Резко потемнело, как вечером, за лесом поднялись синие тучи, вспыхнула молния.
— Эй! — заорал Жоржик, подпрыгивая под деревьями. — Бежим домой! Сейчас ливанет!
— Мы уже голые и мокрые! — крикнула в ответ Юля. — Нам нечего терять! — Жоржик махнул рукой, и старики, наскоро побросав в корзину припасы, гуськом затрусили к нему на дачу — допивать.
Небо бугристой твердью нависло над притихшей землей, стало очень душно, зарницы освещали черно-зеленый занавес леса, затем с чудовищной силой ударил гром. Стена дождя вспенила реку, Вальтро и Юлия бросились в воду. Они визжали, ныряли и прыгали, обмениваясь с молниями блеском тел. Это было по-настоящему опасно, но небо не тронуло их, и электрическая буря ушла на запад, продолжая сечь головы сосен, вспыхнуло солнце.
Обессиленные, они вышли на берег другой реки, вспухшей от ливня и желтой, как Хуанхэ, упали на песок и лежали, пока солнце не начало припекать. Потом они собрали свою мокрую одежду и пошли по раскисшей дороге домой, их ноги разъезжались в грязи, разговаривать не было сил, но они смеялись.
Жоржик, Нелли и полковник сидели на свежепромытом газоне за свежепромытым столом и пили что-то из разнокалиберных посудин. Судя по выражению их лиц, времени они не теряли.
— М-да, — сказал Жоржик. — Вы что же, вот так и перли через весь поселок? — На Вальтро и Юле, кроме кроссовок и плавок, ничего не было, все остальное они держали в руках.
— Да оставь ты девочек в покое, — неожиданно вступилась Нелли, бросив косой взгляд на полковника. — Пусть себе загорают.
— Ну, пусть, — Жоржик пожал плечами, бросив косой взгляд на Нелли. — Малышки ведь совсем, сиськи-то — не больше пятого размера.
— Теперь уже нет таких размеров, — заметила Нелли.
— Да? — удивился Жоржик, скользнув взглядом по ее груди. — По-моему, и больше есть.
— Теперь их обозначают буквами, — пояснила Нелли, — латинскими.
— Слава Богу, сиськи-то хоть остались, — вздохнул Жоржик, — отечественные.
Юля улыбнулась, Вальтро чмокнула Жоржика в щеку, проходя мимо. Жоржик задумчиво посмотрел им вслед.
Они сидели наверху, в комнате Вальтро, Юлия расчесывала спутанные волосы, Вальтро взяла с полки книгу и начала читать вслух: «Пришло время великой печали, умер бог Фаммуз. Прекрасная богиня Иштар последовала за ним в чертоги Вечности, не страшась демонов, которые охраняют Врата Времени.

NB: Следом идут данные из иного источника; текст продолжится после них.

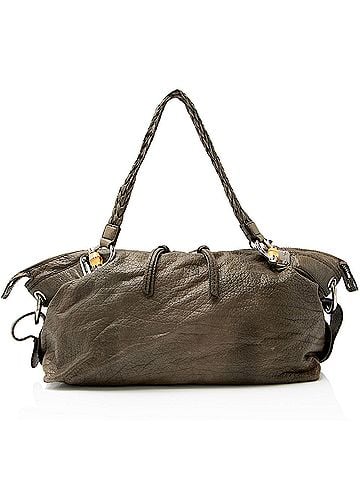 Gucci Gucci Leather Bamboo Bar Medium Tote (view 1)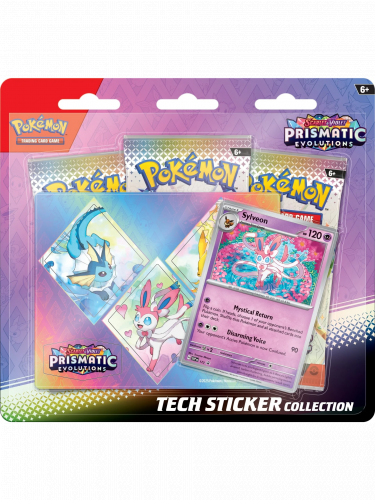 Kartová hra Pokémon TCG: Scarlet & Violet - Prismatic Evolutions Tech Sticker Collection: Sylveon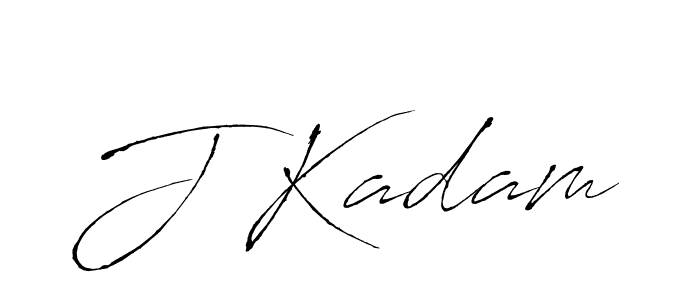 The best way (Antro_Vectra) to make a short signature is to pick only two or three words in your name. The name J Kadam include a total of six letters. For converting this name. J Kadam signature style 6 images and pictures png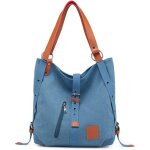 Sac � bandouli�re multifonctionnel d�contract� pour femme en toile (bleu)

У первых врат страж-демон принудил Иштар снять сандалии. Мудрецы говорят, что это символизирует отказ от Воли. У вторых врат ее заставили снять ножные браслеты, украшенные драгоценными камнями, что по мнению мудрецов означает отказ от Эго. У третьих врат она сняла свое одеяние, что символизирует отказ от Разума, как такового. У четвертых врат она сняла золотые чаши с грудей, что означает отказ от своей Половой Роли. У пятых врат она сняла ожерелье, что означает отказ от Восторга Просветления. У шестых врат она сняла свои серьги, что означает отказ от Магии.

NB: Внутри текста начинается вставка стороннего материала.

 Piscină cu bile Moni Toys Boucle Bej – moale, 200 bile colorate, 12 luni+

И, наконец, у седьмых врат Иштар сняла тысячелепестковую корону, что означает отказ от Божественности. Только так — нагая — Иштар могла вступить в Вечность».
— Что скажешь? — спросила Вальтро.
— Ты же не даром взяла эту книжку, — усмехнулась Юлия. — Ты уже поняла, что я уже сказала тебе это, только проще и прямее. Все, что мы делаем, — мы делаем здесь и сейчас. Все люди крутят жопой здесь, а не на драных небесах. Все, что мы получаем, мы получаем через свое тело. Если ты хочешь, ты должна делать. Чем резче и прямее ты сделаешь, тем скорее получишь. Я достала это из своей пизды, а не вычитала в книжках, — Юлия откинулась на подушках кровати и подняла колено. — Все люди играют роли, все продают себя и путаются в собственных ногах, когда продают. У меня не было времени учить эти танцы, я плюнула на них и не жалею. На самом деле, времени нет ни у кого. Посмотри на Нелли — ее обыграли, а ведь она была получше нас обеих, — Юлия ткнула пальцем в грудь Вальтро. — Я не знаю, что такое восторг просветления, не верю ни в какую магию, и мне не надо отказываться от божественности, у меня и так ее нет. Вечность — здесь и сейчас. От чего надо отказаться, так это от чужих правил игры. Я не собираюсь отказываться от своего Эго, — у меня ничего нет, кроме него. И у тебя тоже. Отказ — это отказ играть навязанную роль, любую роль. Я — это мое тело, быть голой — это отказаться быть рабыней, которую выпутывают из тряпок, чтобы воспользоваться ее шмонькой.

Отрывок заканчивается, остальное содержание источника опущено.